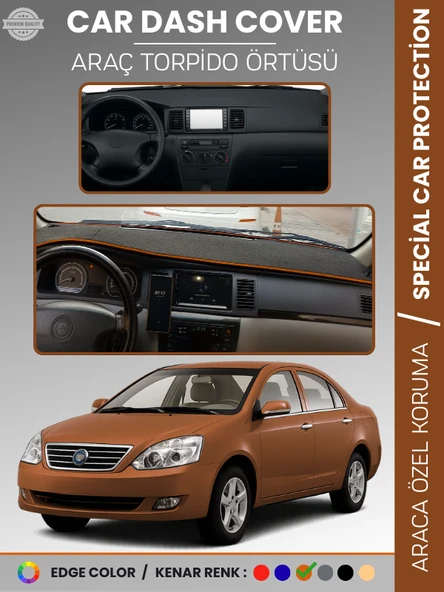 GEELY FC (2008-2012) Torpido Örtüsü Ön Göğüs Torpido Koruma Tam Uyum Çatlamayı Önler Kolay Montaj ürün görseli 1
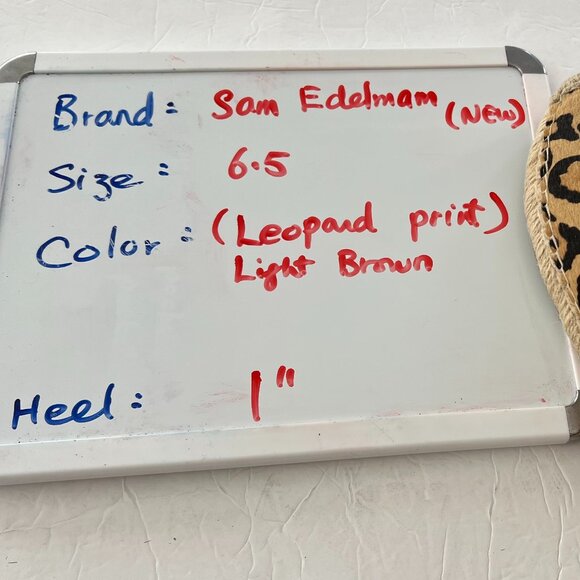 NEW Women Sam Edelman Leopard print Slip On Sneakers - Picture 11 of 11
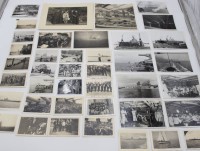 Los 7036 <br>40 div. Fotografien, 2. WK, meist Marine, einige verso beschriftet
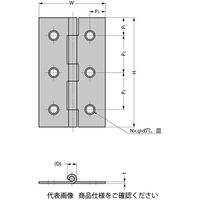 スガツネ工業 平丁番 FーA型 Fー64A F-64A 1セット(10個)（直送品）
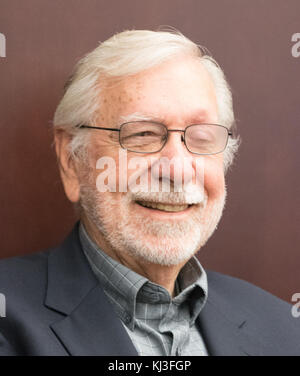 James L. McGaugh in his office at University of California, Irvine Stock Photo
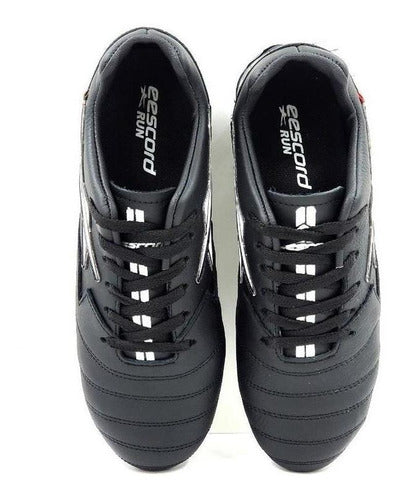Zapato De Futbol Soccer Para Hombre Eescord 8021 Neg/blanco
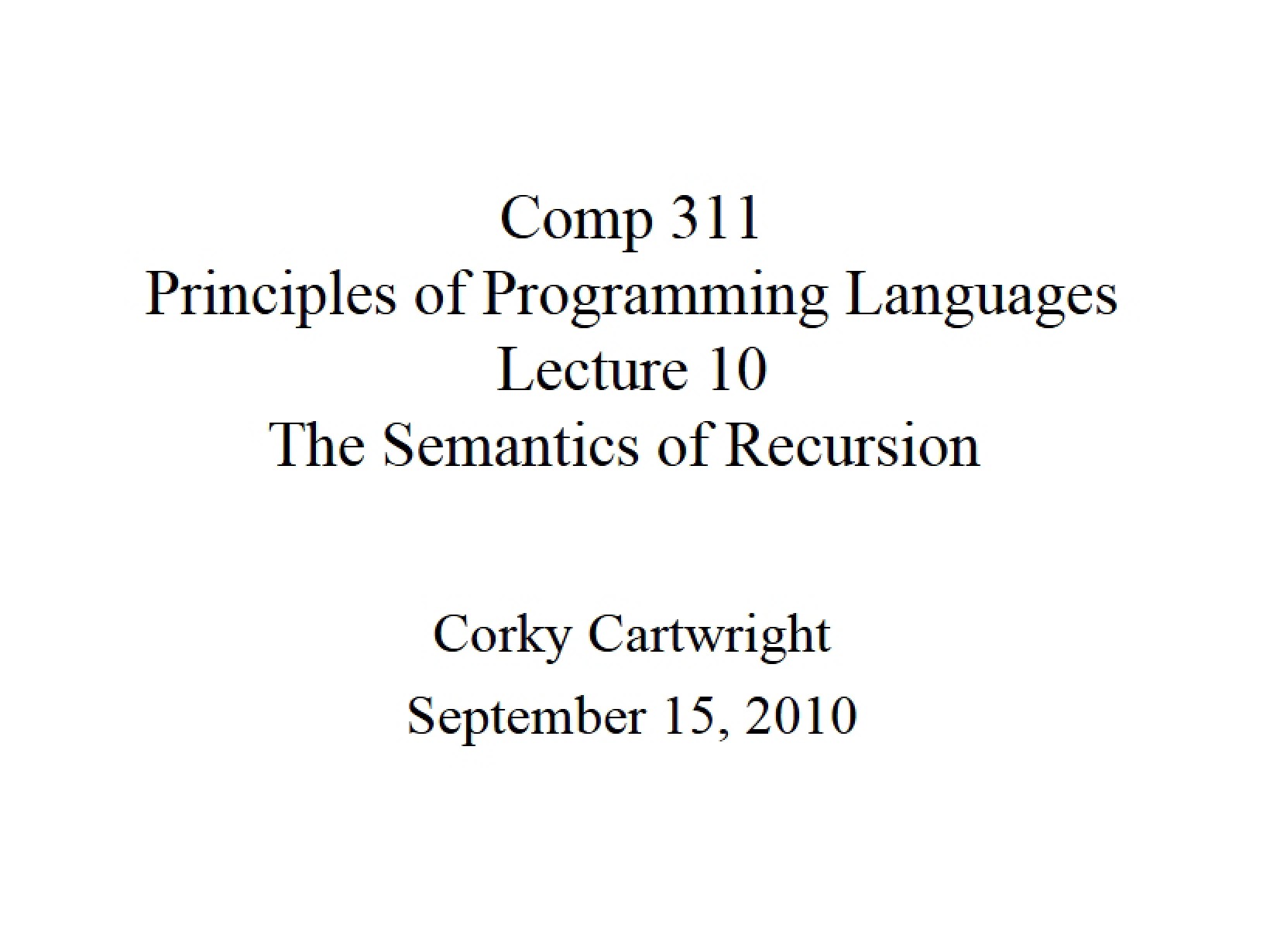 Programming Language Principles (6)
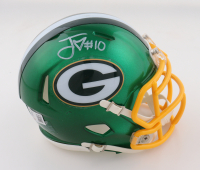 Jordan Love Signed Packers Flash Alternate Speed Mini Helmet (Beckett) at PristineAuction.com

────────────────────────────────────────

Write the listing out again in full and unchanged, minus any pictures.

**Output of the task:**
 GEELY FC (2008-2012) Torpido Örtüsü Ön Göğüs Torpido Koruma Tam Uyum Çatlamayı Önler Kolay Montaj ürün görseli 1
 NEW Women Sam Edelman Leopard print Slip On Sneakers - Picture 11 of 11
 Los 7036 <br>40 div. Fotografien, 2. WK, meist Marine, einige verso beschriftet
 スガツネ工業 平丁番 FーA型 Fー64A F-64A 1セット(10個)（直送品）
 James L. McGaugh in his office at University of California, Irvine Stock Photo
Zapato De Futbol Soccer Para Hombre Eescord 8021 Neg/blanco
 Programming Language Principles (6)
 Jordan Love Signed Packers Flash Alternate Speed Mini Helmet (Beckett) at PristineAuction.com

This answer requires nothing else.